The Aula Palatina looked like that until about 1600. The next significant change happened under Archbishop Lothar of Metternich at the beginning of the 17th century. He tore down what remained of the Roman buildings outside the aula and had a four winged palace built around the it. Most of the southern wall was dismantled to obtain an immediate connection. One of his successors, Johann Philipp von Waldendorff (1756-1768, archbishop and prince elector), wanted an even prettier palace, so the architect Johannes Seitz built him that pink thing you can see on the photo below.

Kurfürstliches Palais (Electoral Palace), behind it the south side of the Basilica

It's all playful rococo and a horrible colour not even the Romans would have liked; and they used a good deal more colour than todays remains and reconstructions let you imagine. Gabriele calls it candy pink. She took the photo because it's so horrible it's fun, she says.

Fortunately, King Friedrich Wilhelm IV of Prussia who was very interested in architecture, and Carl Schnitzler, officer and architect, had the Aula Palatina returned to its original Roman shape (1856), with no towers and palace wings intruding into its walls, but the original large windows and a cassette roof instead. The one thing they did was to add pseudo-historical paintings instead of the - probably too expensive - marbe linings. But the aula burned out during WW2 and the post-war renovation removed what was left of those paintings, reducing the building to the original brick walls.

It looks more austere today than it may have done in Roman times, though. The whitewashed exterior walls should have looked more friendly. The aula is today used as Protestant (a sect of the Christians, I think) church. It's often called Constantine's Basilica these days.

And now Gabriele tells me I should also rewrite the post about the Imperial Baths. *sigh*
Awesome pictures. And of course a very interesting discussion of its history.
Thank you, Ann.

Hank, yes, it is an impressive building. To imagine it was once shininly white - I bet it did what the emperors wanted and stunned many visitors. :)
Wonder what those little windows on the left were for.
Lighting a stair well?
That basilica is Incredible - the room! The space!
And that horrible pink wedding cake of palace on the outside!!

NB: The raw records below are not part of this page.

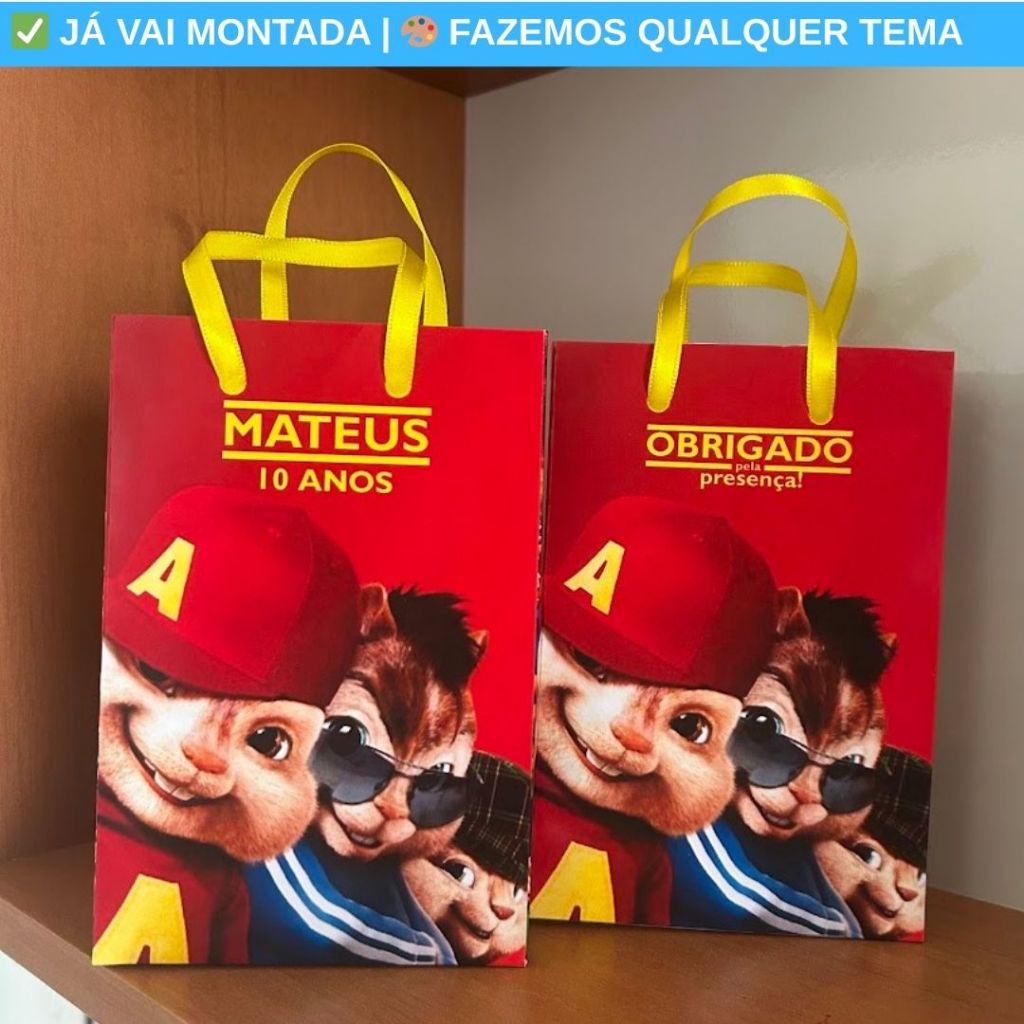 Sacolinha Surpresa Personalizada Alvin e os Esquilos P, M e G Lembrancinha Aniversário Criança Temas
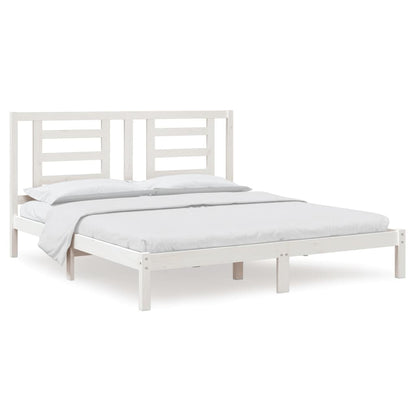 Bed Frame without Mattress White 180x200 cm Super King Solid Wood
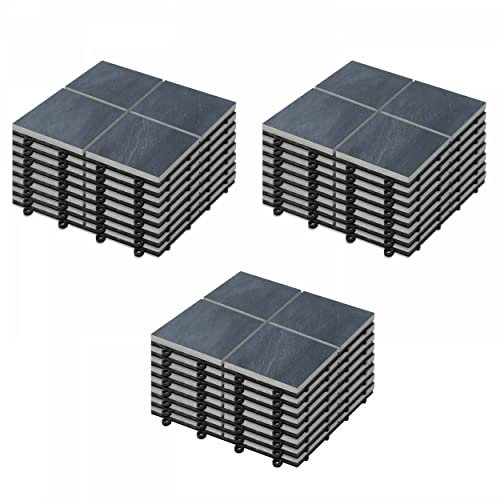 Oviala - Lote de 24 losas con clip de piedra, color negro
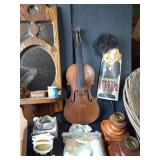 Lg basket of collectables, marble tic tac toe game and more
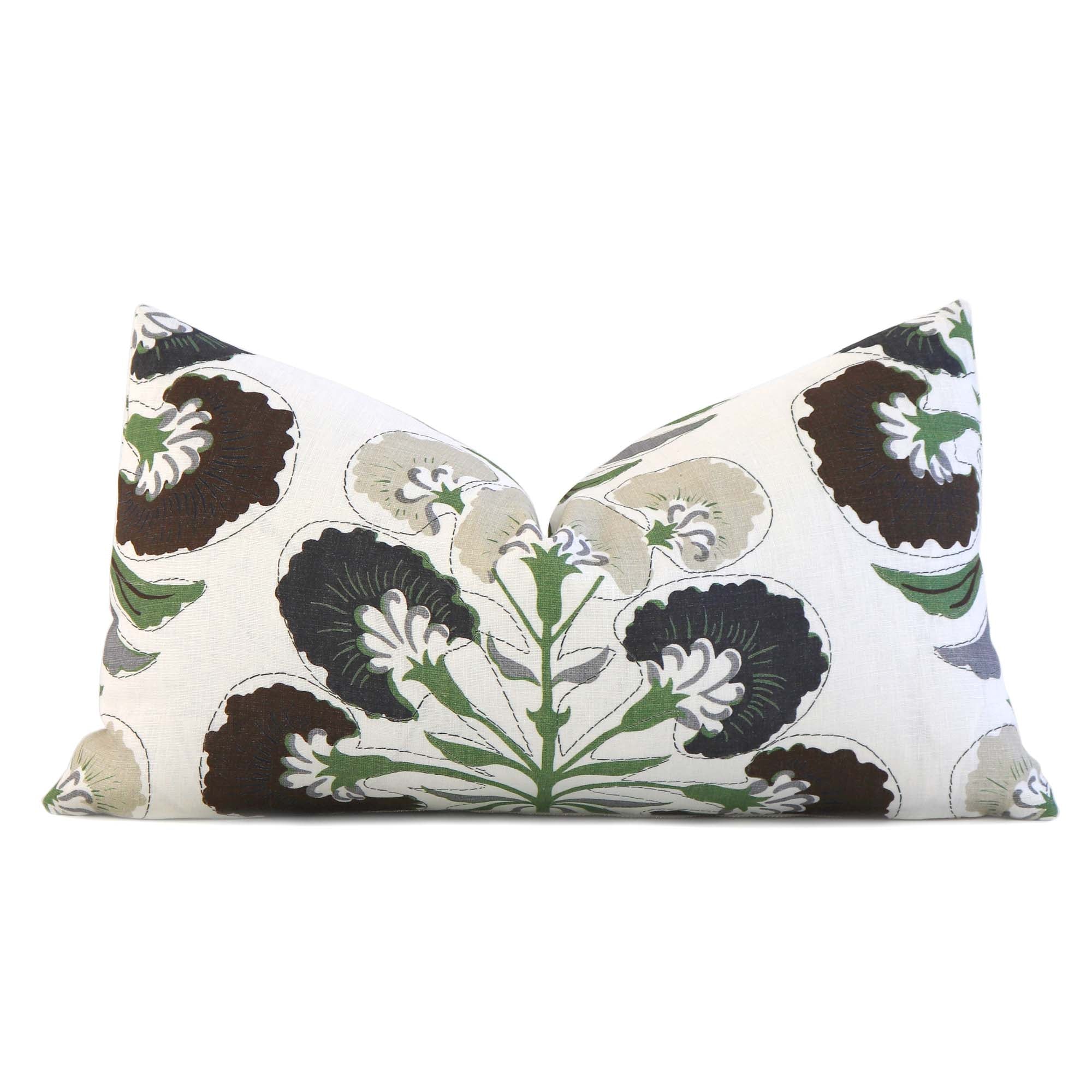 Thibaut Tybee Tree Black and Green Floral Block Print Designer Linen Luxury Decorative Lumbar Throw Pillow Cover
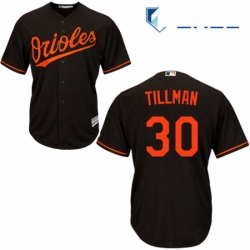 Youth Majestic Baltimore Orioles 30 Chris Tillman Replica Black Alternate Cool Base MLB Jersey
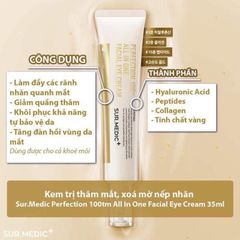 Kem Dưỡng Mắt Giảm Nếp Nhăn Ngăn Lão Hóa Sur.Medic+ Perfection 100™ All In One Facial Eye Cream 35ml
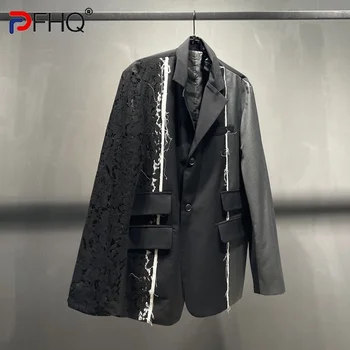 PFHQ Trend Nišinis dizainas Susidėvėjęs nėrinių kostiumas Paltas Blazer Vyriškos Moteriškos Korėjiečių originalios Dėvėtos Aukštos kokybės striukė Elegantiška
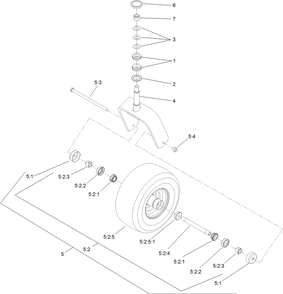 Caster Wheel And Fork Assembly Diagram and Parts List for 74919TE (316000001-316999999)(2016) Toro Lawn Mower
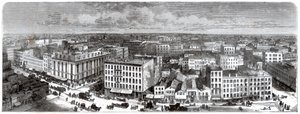 Panorama von Chicago vom Dach des Rathauses, USA, 1871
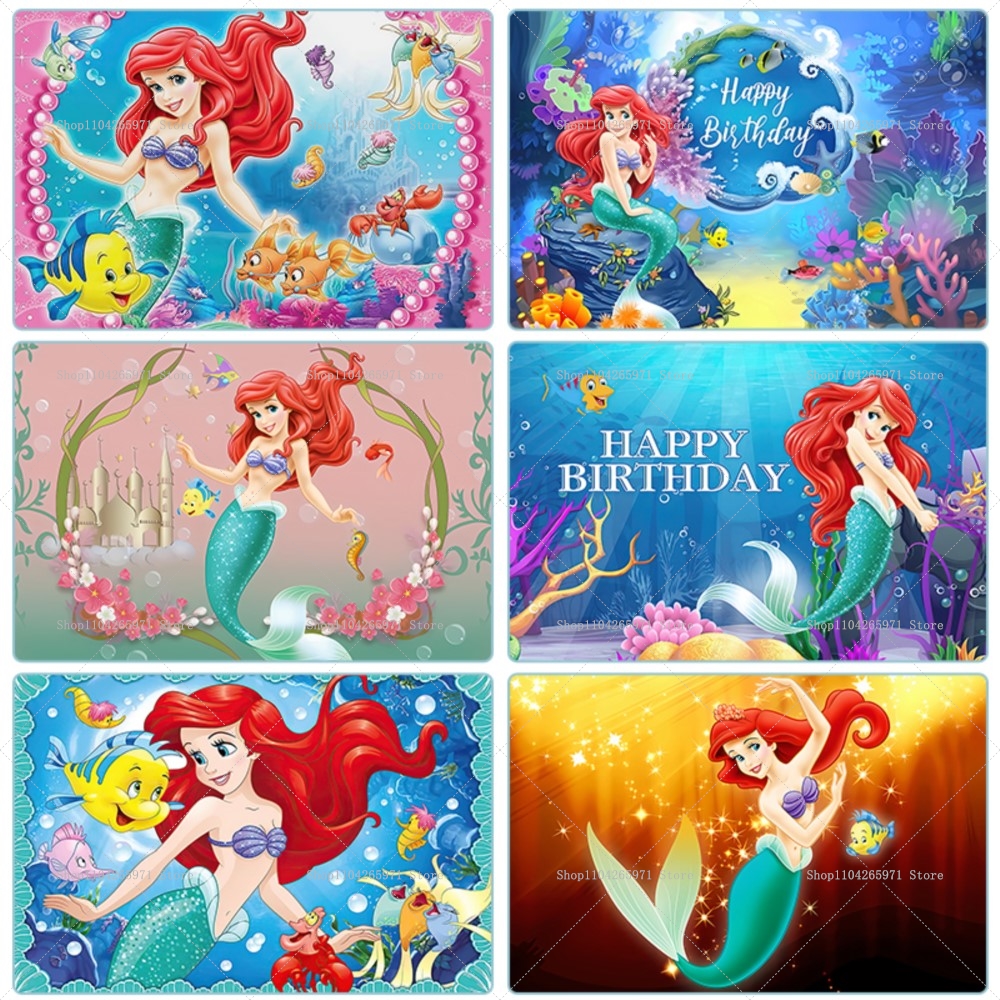 Car Accessories Banner - Mermaid Princess Ariel Backdrop Banner Beautiful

Well, the Romans might have just loved it. You never know. It just looks dreadfully out of place there, lol.
Good question, Bernita. Since there never was a staircase anywhere in the aula, it can't be that, but I agree, they're strange.

Sam, the colour of this palace makes me wonder about that Elector - maybe he had a collection of statues of nude Roman men in this wedding cake. *grin*
maybe he had a collection of statues of nude Roman men in this wedding cake. *grin*

I bet he did. And not only statues... *Naughty grin*

I like that pink palace, actually, but then, I like anything pink. :-) Does look out of place, though.
Lol, Edward has some bad influence on you. *naughty grin, too*

Out of place, that's it. It would look fine as annex to Versailles. :)
Wow, Constantine's Basilica is an imposing building.
The Romans liked their buildings big, that's for sure. :) Even their ruins are still impressive.
Welcome back, Aelius Rufus :-)

Who was the Frankish count who moved into the Aula Palatina, and how do we know about him? (Gregory of Tours?)
Better preserved than the stuff in Rome.
Thank you for the numbers! It's a very imposing building, inside and out. I bet I'd feel really small in there.
I could not find a name of the Frankish count (or warlord or whatever he may have styled himself) but all my references about the Aula Palatina agree on him having been there, so it may be correct. It can be proven by archaeologial means that the aula has been used as storage room, and probably also that other rooms had been inhabited by someone not of Roman culture. Some shinies and grave finds from that time point at someone of higher rank.

There has been another Frankish noble connected with Trier, Arbogast, but he was around earlier (AD 388), a Roman officer - magister peditum in the West - an all. He was involved in the execution of Magnus Maxiumus and his son Victor during the time of Theodosius - one of those unruly epochs where the claimants to the imperial title lined up quite a bit. :)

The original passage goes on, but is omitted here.